University of New Zealand researchers, in a new study, examined the solar potential of the suburbs based on rooftop solar panels and the energy usage in the New Zealand city of Auckland. Their work, they write, “completely” reverses arguments for a compact city, at least based on the idea that we should reduce energy use in transportation.
“While a compact city may be more efficient for the internal combustion engine vehicles,” they write, “a dispersed city is more efficient when solar power is the main energy source and [electric vehicles] are the means of transport.”
Today in cities, the scarce and expensive real estate requires that energy arrives from afar in “high density” forms, such as electricity, oil, or natural gas. But the suburbs have the upper hand when it comes to renewables, with vast acres of rooftops hooked up to the grid and a surplus of power to meet demand in nearby cities during peak times.
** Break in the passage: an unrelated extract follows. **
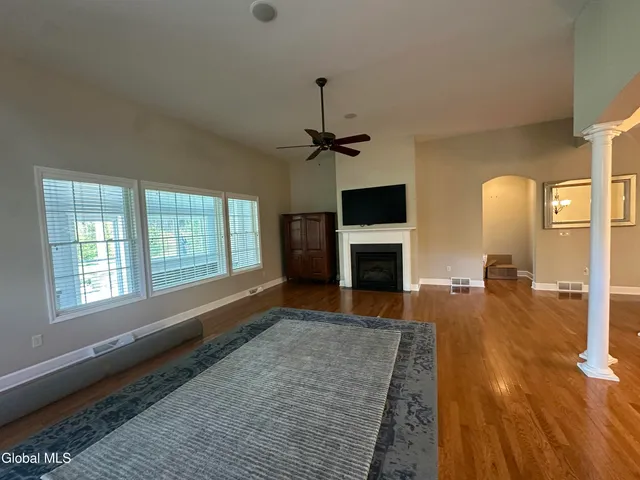 $559,900 | 488 Picard Road, New Scotland, NY 12009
This vision of “efficient” suburbs, however, relies on a world where electric vehicles, photovoltaic panels, and smart meters come together to displace our dependence on fossil fuels.
In some respects, we are moving in that direction. Within the next five to 10 years, in some locations, the cost of solar and wind power is likely equal to that of grid electricity delivered from conventional sources, such as coal and natural gas power plants.
Smart meters are being rolled out across the country. And wind and solar, once dismissed as too intermittent to dominate a nation’s power grid, may exceed 50% of the power grid by 2025 in countries such as Denmark. More is possible: A 2012 study by the University of Delaware and Delaware Technical Community College asserts wind and solar power paired with better storage could, by 2030, almost entirely supply a large electric grid at costs comparable to today’s prices.
Yet massive changes are needed to realize this ideal of the suburbs. The market share of electric vehicles and solar panels are both still in the single digits and would have to grow dramatically. The cost of wind and solar must continue to come down, while the country’s energy infrastructure and purchasing behavior will need to undergo a major shift.
If so, the suburbs may one day power the city.